Mendengar cerita dari kakaknya memang sedikit menyakitkan dan Arga dapat melihat jelas dari sorot mata milik Surya bahwa dia seperti orang tekanan batin. Namun, Arga sendiri tidak tahu apa yang harus dirinya lakukan untuk bisa membantu kakaknya, sedangkan dirinya saja baru tahu apa yang dirasakan adiknya sekarang. Selain itu, Arga juga baru kali pertama mendengar kasus yang seperti Surya alami saat sekarang.
Sebuah hal terlintas di dalam pikiran Arga. "Aku teringat suatu hal mengenai keluarga kita."
"Hal apa, Ga?" Tanya Surya sangat penasaran.
"Jadi, orang tua kita itu kan anaknya banyak, yaitu sebelas. Hm, tapi ada yang meninggal dan yang hidup hanya tujuh anak saja, salah satunya kita," jawab Arga.
"Terus?" Tanya Surya merasa kurang puas mendapatkan jawaban.
"Nah, ada dua anak yang meninggal dan menghimpit kelahiran kamu."
"Maksudnya?"
Arga menarik napas, lalu kembali berkata, "Urutan kelahiran, Kak. Seingatku kakak kamu meninggal, lalu selang beberapa bulan atau tahunlah aku lupa, Ibu kembali mengandung dan lahirlah Kak Surya. Selang itu, Ibu juga kembali mengandung lagi, nggak tahu selang berapa bulan atau tahun, tapi adik kamu juga meninggal. Jadi, sebelum aku lahir kan ada anak Ibu yang meninggal."
"Jadi?"
"Jadi, banyak orang yang bilang kalau Kak Surya terlahir gandeng mayit. Dulu Ibu pernah cerita bahwa ketika Kakak bayi banyak orang yang mengatakan seperti itu. Bahkan Ibu tuh sampai nangis dan aku nggak tahu kenapa Ibu sangat takut ketika sadar bahwa anaknya ada yang berstatus gandeng mayit," jelas Arga.
Surya diam mencerna setiap perkataan Arga untuk dipahami semakin dalam. "Jadi, selama ini, hidupku selalu diapit kematian dan mayat saudara kandungku ya, Ga?"
"Iya."
"Masalahnya terkadang aku mimpi bertemu dengan anak kecil yang mengajak bermain. Anak kecil tersebut memakai baju putih.
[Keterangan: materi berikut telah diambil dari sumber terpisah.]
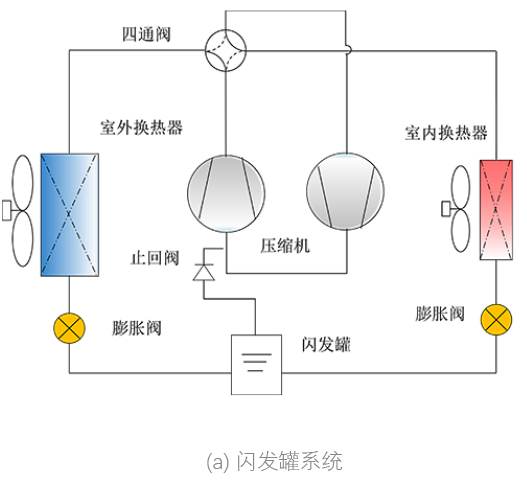 低温热泵：多级压缩技术和制冷剂替代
Terkadang dia baik, tapi kadang kala juga menyebalkan. Wajahnya mirip banget sama Anes apakah itu saudara kandung aku?"
"Jangan karena Kak Surya tahu tentang gandeng mayit, maka kamu kaitkan saudara kita yang sudah meninggal loh. Biarkan saja mereka tenang dan bahagia di alam sana."
"Tapi yang aku alami itu terasa nyata, Ga. Aku nggak mau ngadi-ngadi. Lagian siapa juga yang mau dilahirkan secara gandeng mayit. Aku hanya ingin dianggap normal oleh teman-teman. Terkadang aku pribadi nggak bisa membedakan mana yang manusia dan mana pula yang hantu!"